Present: Rugg, C.J., Pierce, Carroll, Wait, & Sanderson, JJ.
L. C. Henin, for the plaintiff.
G. A. Bacon, N. P. Wells, & S. W. Weltman, for the defendant.

Opinion:
Wait, J.
The plaintiff sued in tort for the conversion of a fur coat. The defendant denied any conversion, and set up a lien for labor and materials in repairing the coat. The District Court of Springfield found that the defendant received the coat, which was worth more than $20, from the plaintiff for the purpose of repairing it; that he furnished materials and performed labor pursuant to the contract for repair which entitled him to a lien on the coat for $75; that the contract was oral and there was no writing stating the aggregate amount of charges to accrue; that the plaintiff disputed the charge and demanded the coat; that the defendant refused to give it up, claiming his lien; that the plaintiff sued out a writ of replevin, and the defendant, relying upon and asserting his lien, refused delivery to the officer who demanded the coat. It held that trover could not be maintained under these circumstances; and remitted the plaintiff to her suit in replevin. The Appellate Division dismissed a report. This appeal followed.
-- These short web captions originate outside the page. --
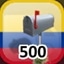 Complete 500 Businesses in Colombia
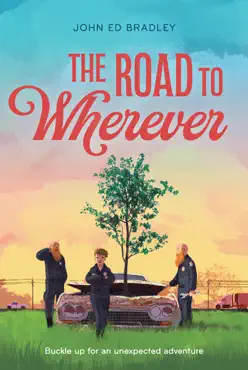 the road to wherever book cover image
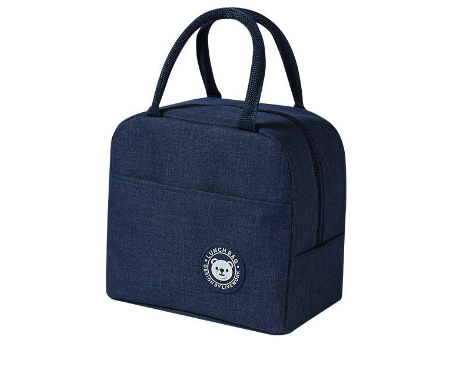 Waterproof insulation aluminum foil lunch box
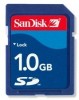 Get SanDisk SDSDB-1024 - Standard SD Card 1GB reviews and ratings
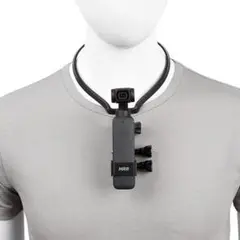 PellKing ペルキング ネックマウントホルダー DJI Pocket 2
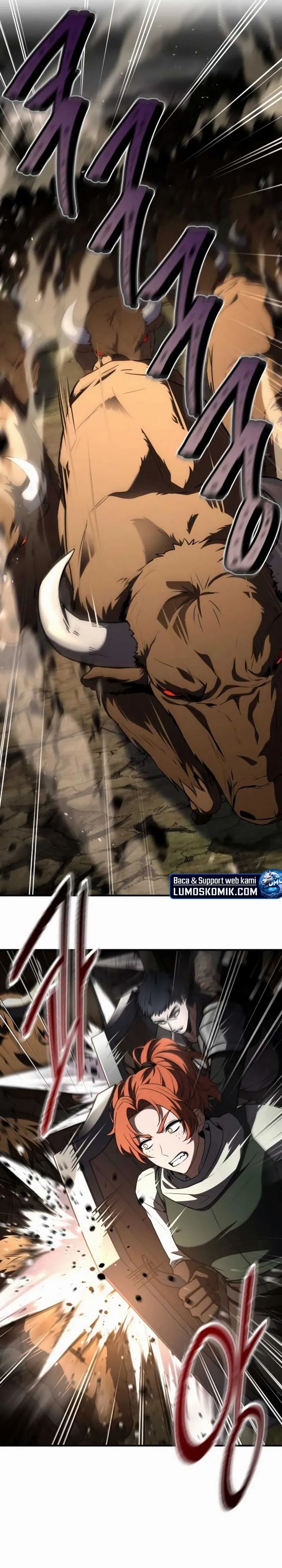 The Sword Master Who Travels Through Time Chapter 26 Gambar 23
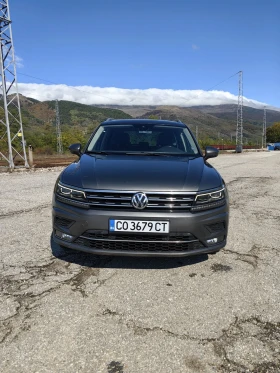 VW Tiguan Highline, full led matrix, Ambient lighting, снимка 6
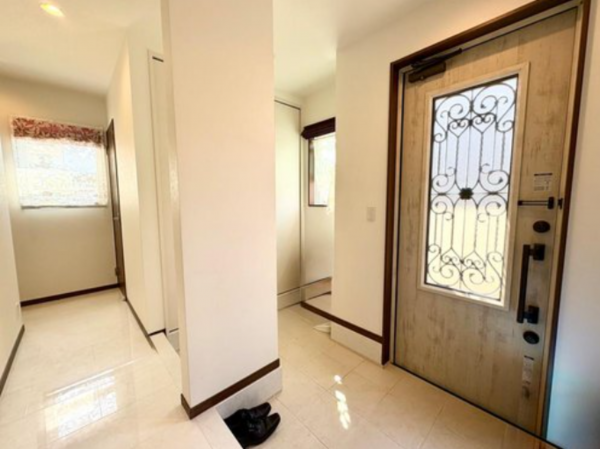 湖南市北山台、中古一戸建ての画像です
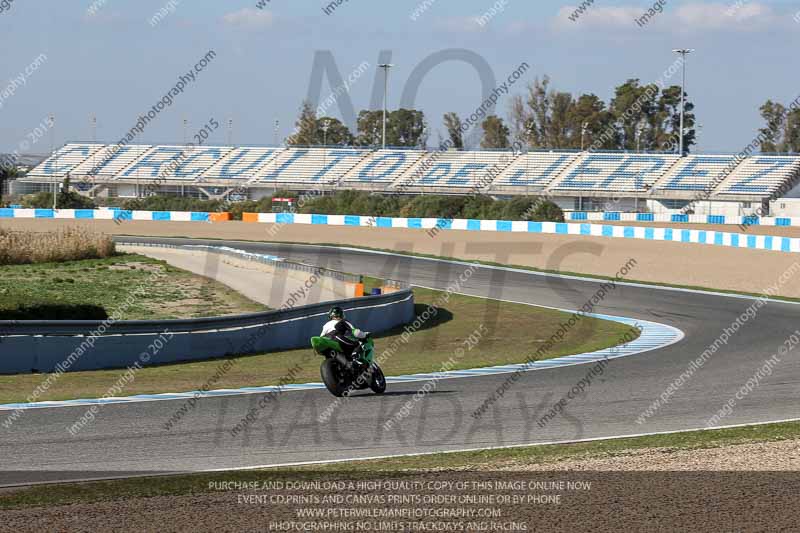 14 to 16th november 2015;Jerez;event digital images;motorbikes;no limits;peter wileman photography;trackday;trackday digital images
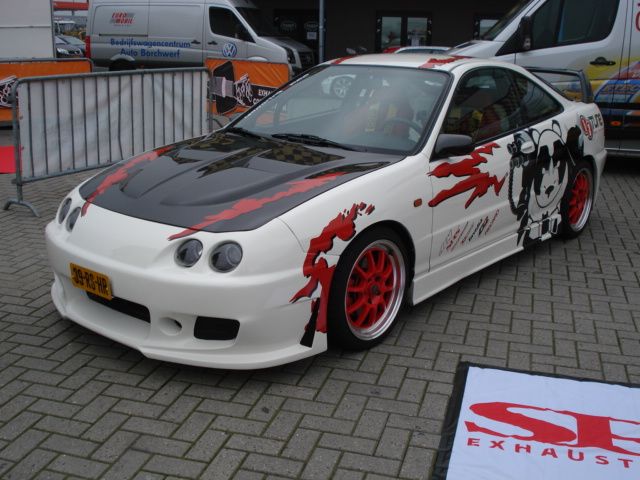 Acura Integra Type R Acura Integra Type R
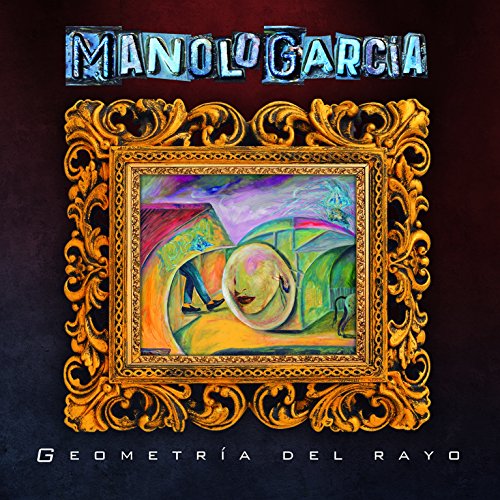 Geometría Del Rayo - CD + Disco Con 2 Canciones Extra (Pack Preventa)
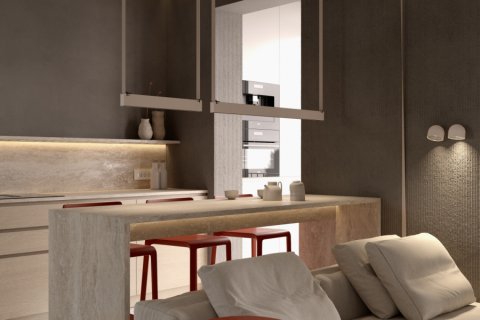Kattohuoneisto Barcelona, Espanja 2 makuuhuonetta, 62 m2 No. 195147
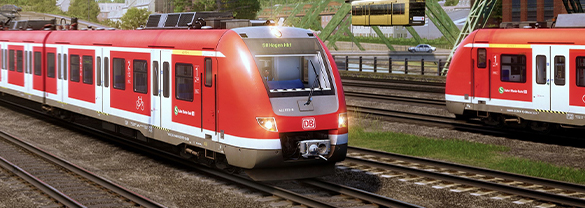 Train Sim World® 2: Rhein-Ruhr Osten: Wuppertal - Hagen Route Add-On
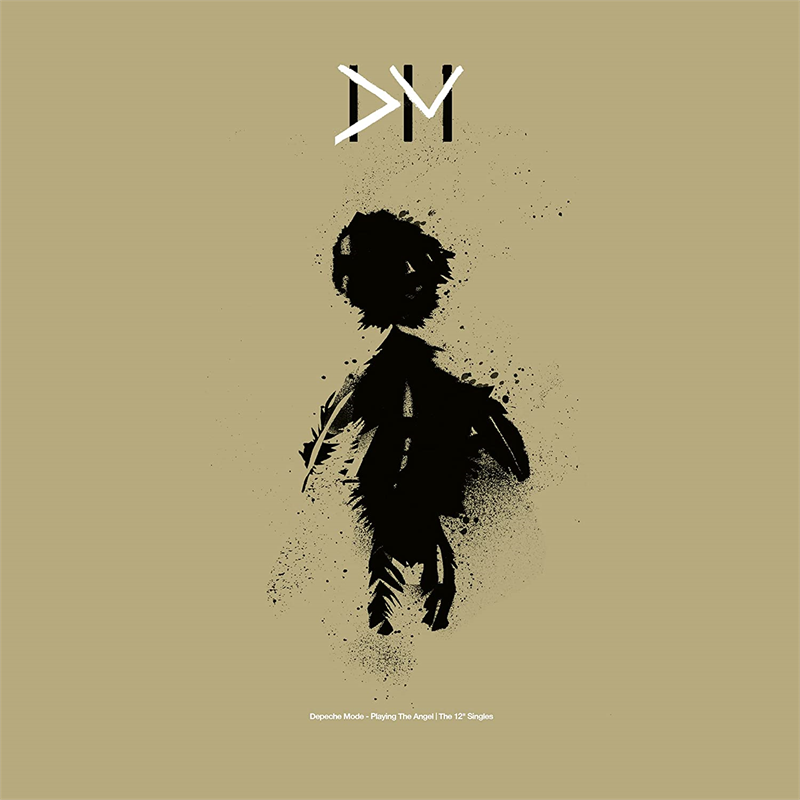 DEPECHE MODE - PLAYING THE ANGEL: THE 12 SINGLES (10X12’’ - BOX SET - 2022)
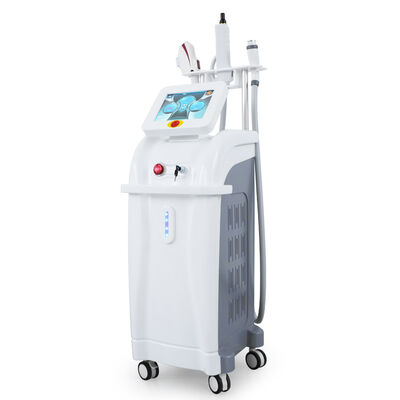 Máy làm đẹp DPL 3 TRONG 1 máy triệt lông laser Máy xóa nốt ruồi bằng laser, máy làm đẹp đa chức năng xóa hình xăm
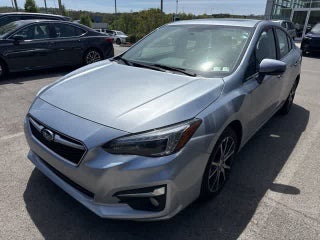 2018 Subaru Impreza Limited
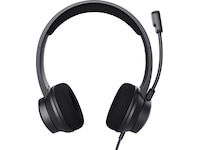 Trust HS-260 USB-ENC PC headset Headset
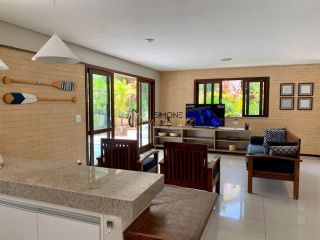 Casa de Condomínio 4/4 e 3 suítes Reserva Sapiranga Mata de São João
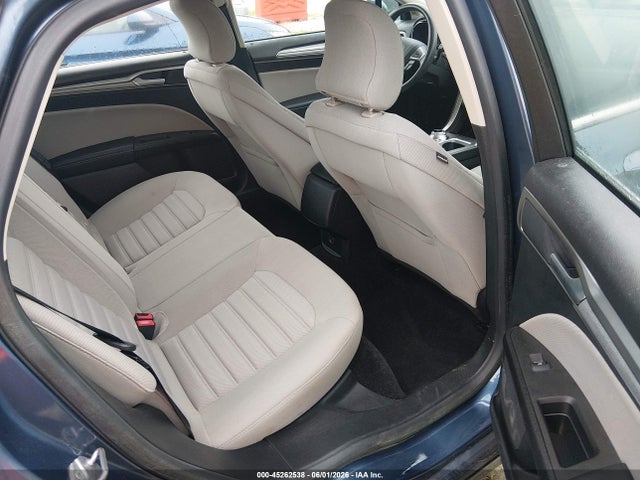 صورة 8 لـ 2018 FORD FUSION HYBRID S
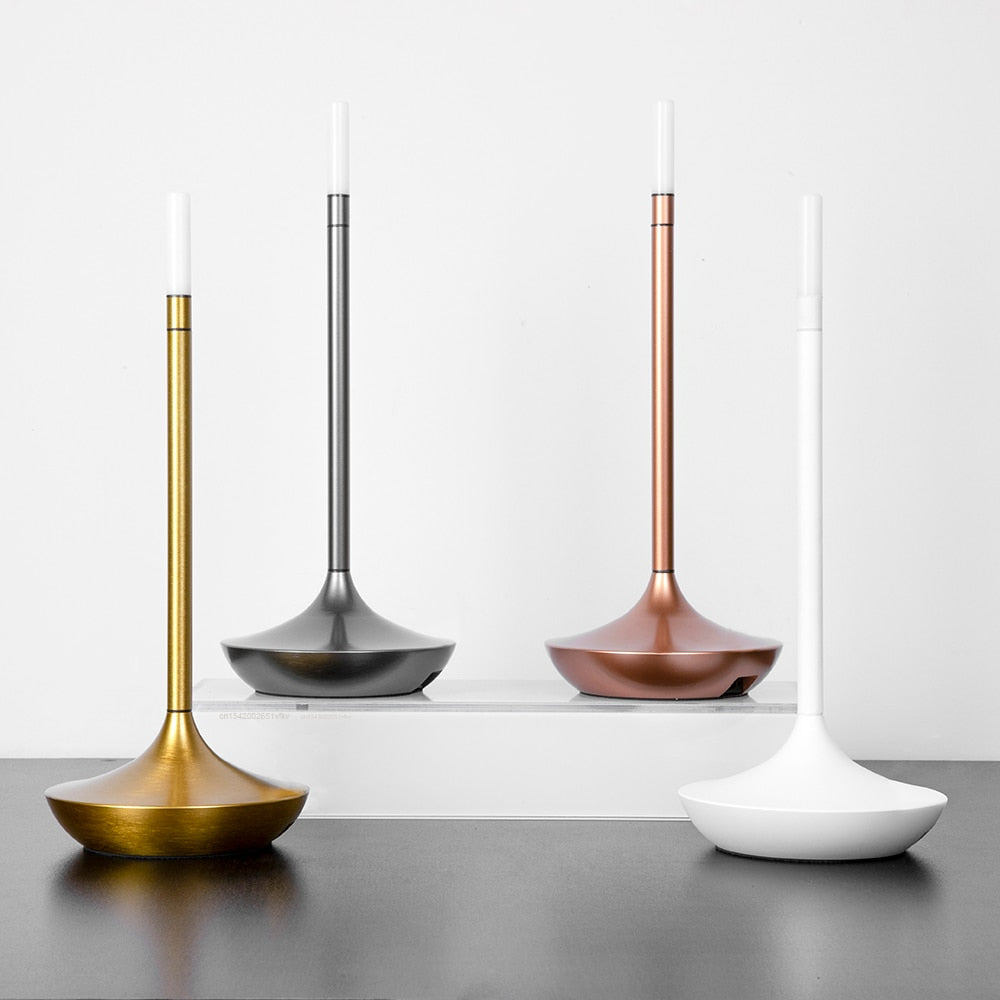 Sienna: Candle Cordless Lamp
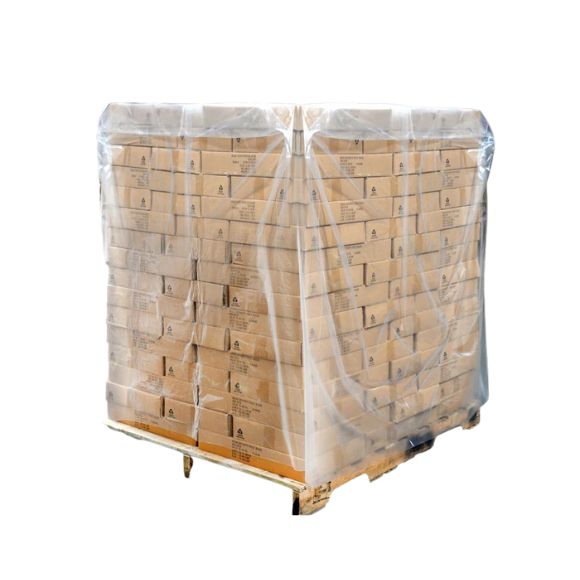 PALLET DUST COVERS 50X92X35IN X200
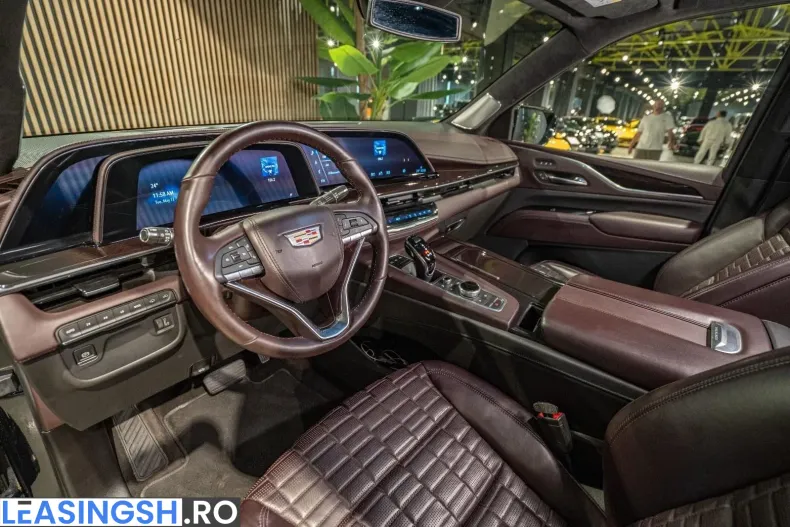 Cadillac Escalade din 2022 cu 45.246 km - oferta CAD240646 - foto 13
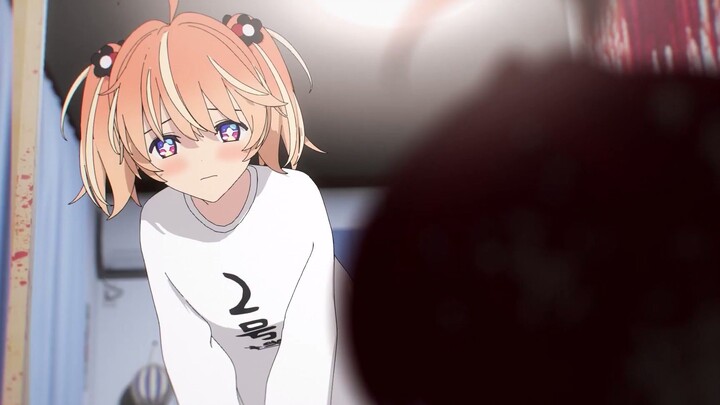[RinRinne] (Baiyang Chinese language group & Transparent sound color Chinese language group) りんりんぬの红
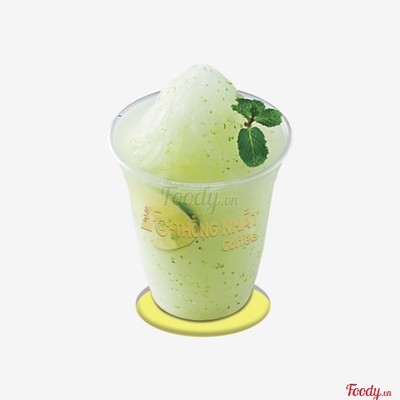Soda Chanh Tuyết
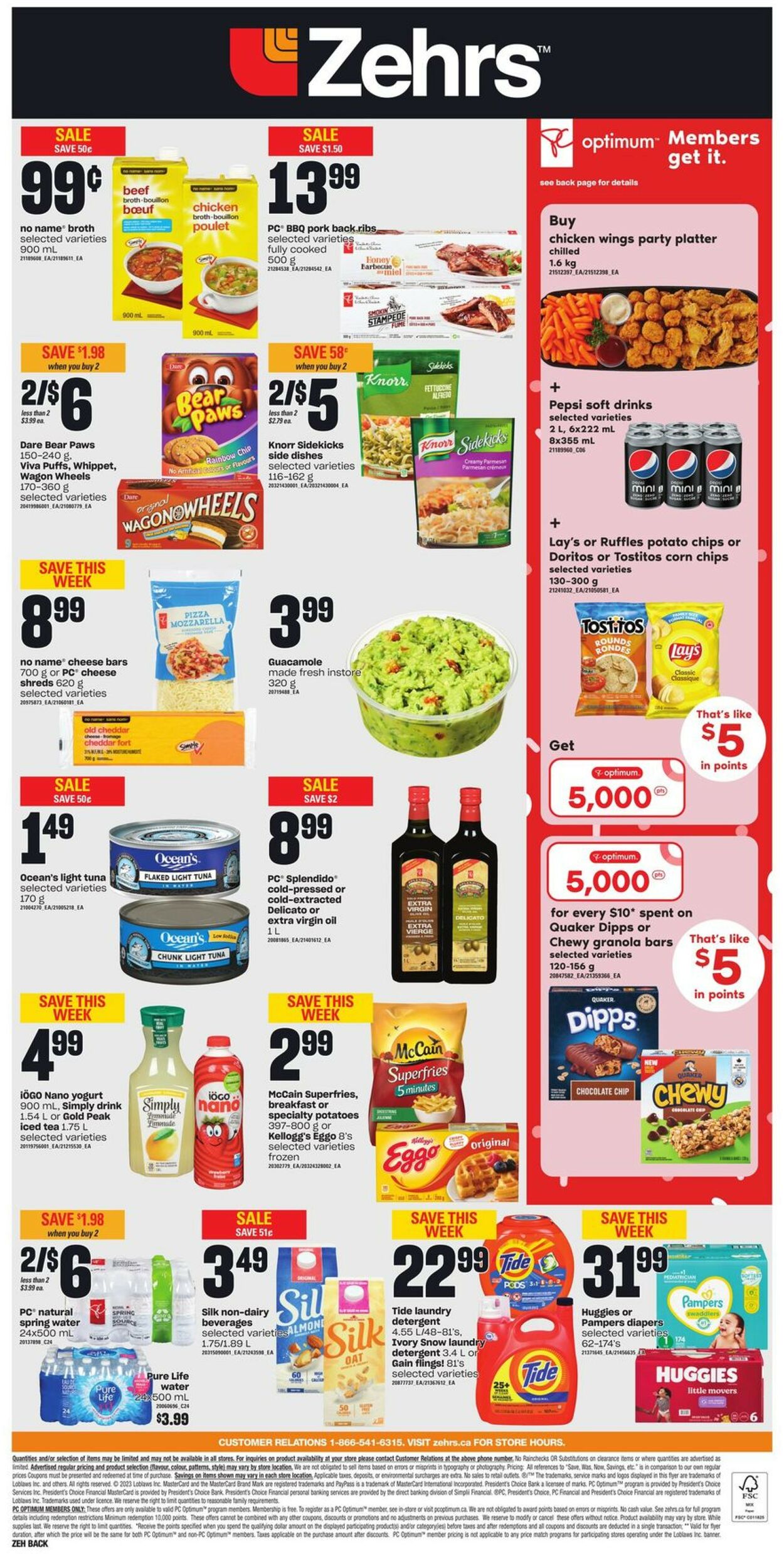 Zehrs Flyer - 02/02-02/08/2023 (Page 5)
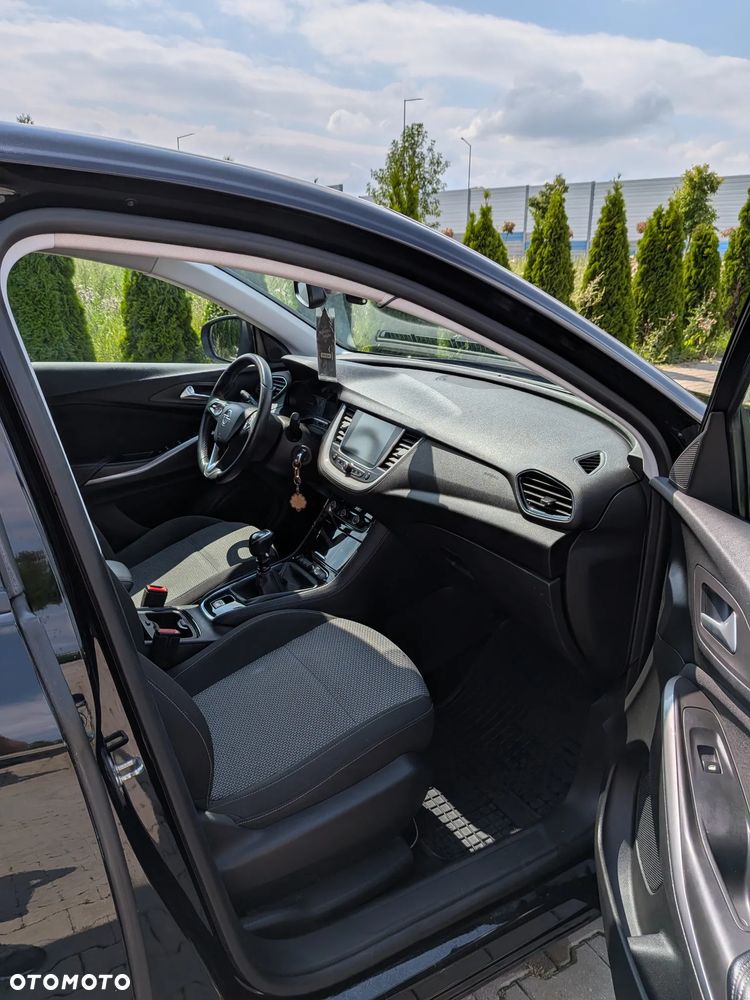 Opel Grandland X 1.6 CDTI Enjoy S&S - 17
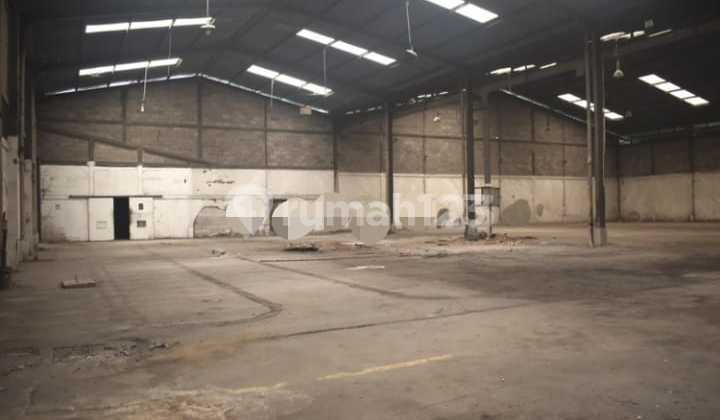 Warehouse for Sale in Cikarang Industrial Area, West Java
There is no merit in the appeal. The facts as found defeat the action of traver. There was no conversion in refusing delivery to the plaintiff while the defendant was entitled to maintain possession by virtue of his lien. Hardy v. Mun-roe, 127 Mass. 64. The right to maintain trover depends upon the right to immediate possession, and would not exist in the plaintiff until the lien was discharged. Wright v. Frank A. Andrews Co. 212 Mass. 186. The lien could have been discharged by a valid tender of the amount due, or by giving bond under G. L. c. 255, § 33, 34. There is no evidence of either.
At common law no action of replevin could have been maintained in such a case, Fowler v. Parsons, 143 Mass. 401; because the right of the plaintiff to immediate possession is as essential in replevin as in trover. By St. 1920, c. 590, now embodied in G. L. c. 255, however, a right to replevin is given where property exceeding $20 in value is detained under a claim of lien and the contract under which the claim arises does not specifically state in writing the aggregate amount of the charges to accrue for the services or materials to be furnished (§ 36).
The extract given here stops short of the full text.